Problem description: For this exercise, write out every entry exactly and leave the pictures out.

Supplied data:
========================

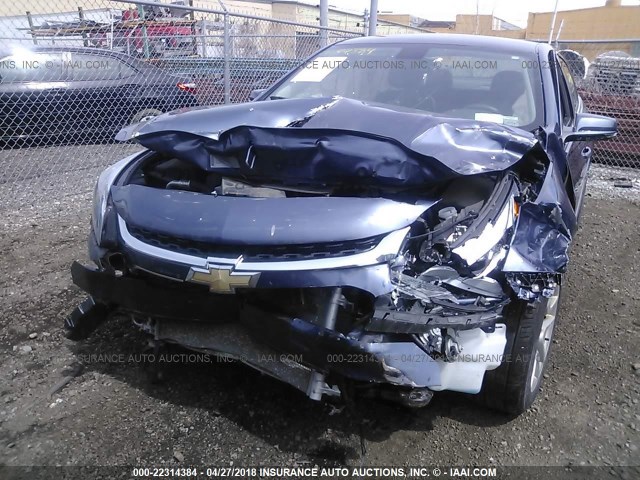 1G11C5SL3EF277769 - 2014 CHEVROLET MALIBU 1LT 灰色 照片 6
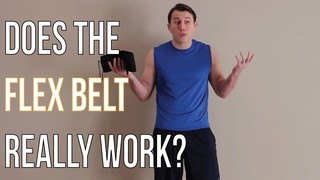 Does the Flex Belt Work? + Bonus 5 Minute Ab Workout - Flex Belt Reviews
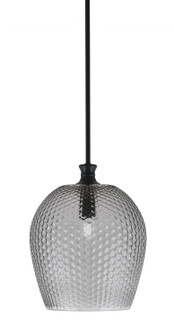 Zola One Light Pendant in Matte Black (200|75-MB-4202)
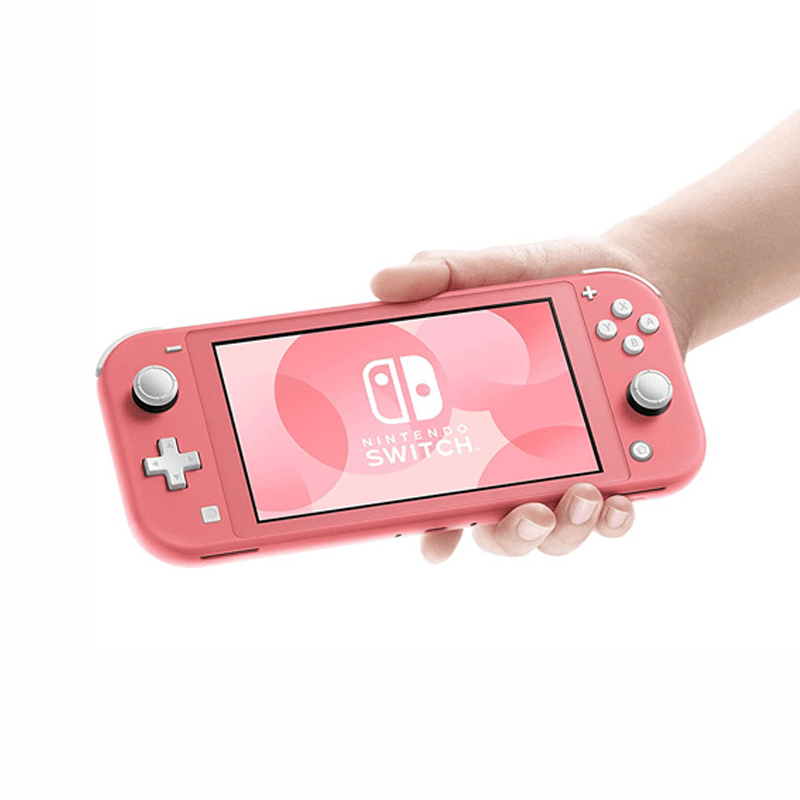 Consola Nintendo Switch Lite - Coral - Bestmart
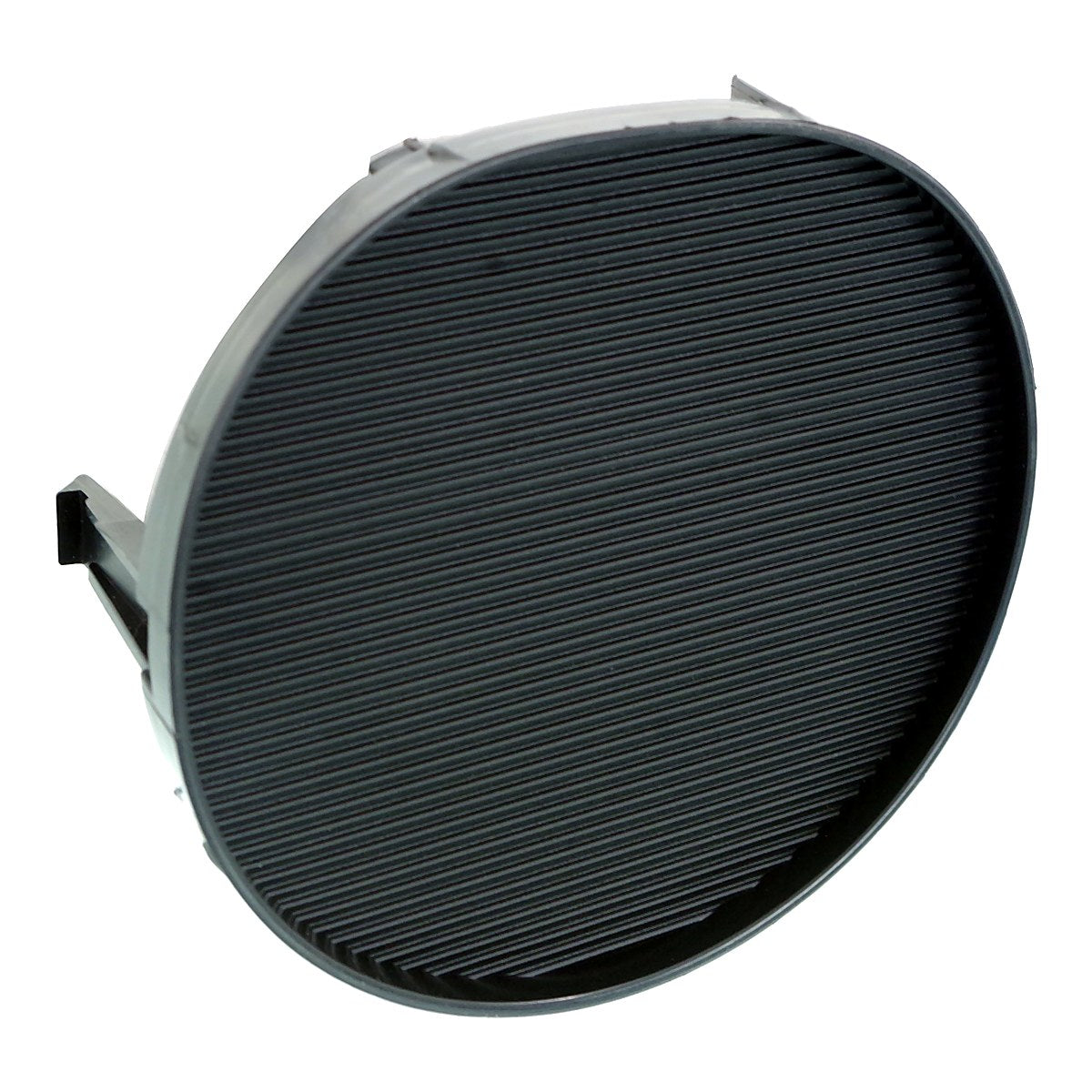 2005-2008 Toyota Matrix Fog Light Cover Front Driver Side Round Matte Black – Side View (TO1038121)
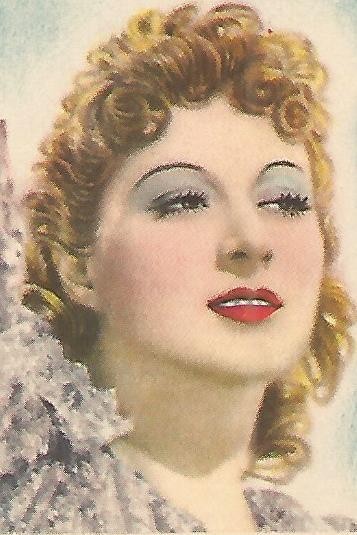 CROMO CINEFOTO 081: Greer Garson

========================

Result below:
 1G11C5SL3EF277769 - 2014 CHEVROLET MALIBU 1LT 灰色 照片 6
 Does the Flex Belt Work? + Bonus 5 Minute Ab Workout - Flex Belt Reviews
 Zola One Light Pendant in Matte Black (200|75-MB-4202)
 Consola Nintendo Switch Lite - Coral - Bestmart
 2005-2008 Toyota Matrix Fog Light Cover Front Driver Side Round Matte Black – Side View (TO1038121)
 CROMO CINEFOTO 081: Greer Garson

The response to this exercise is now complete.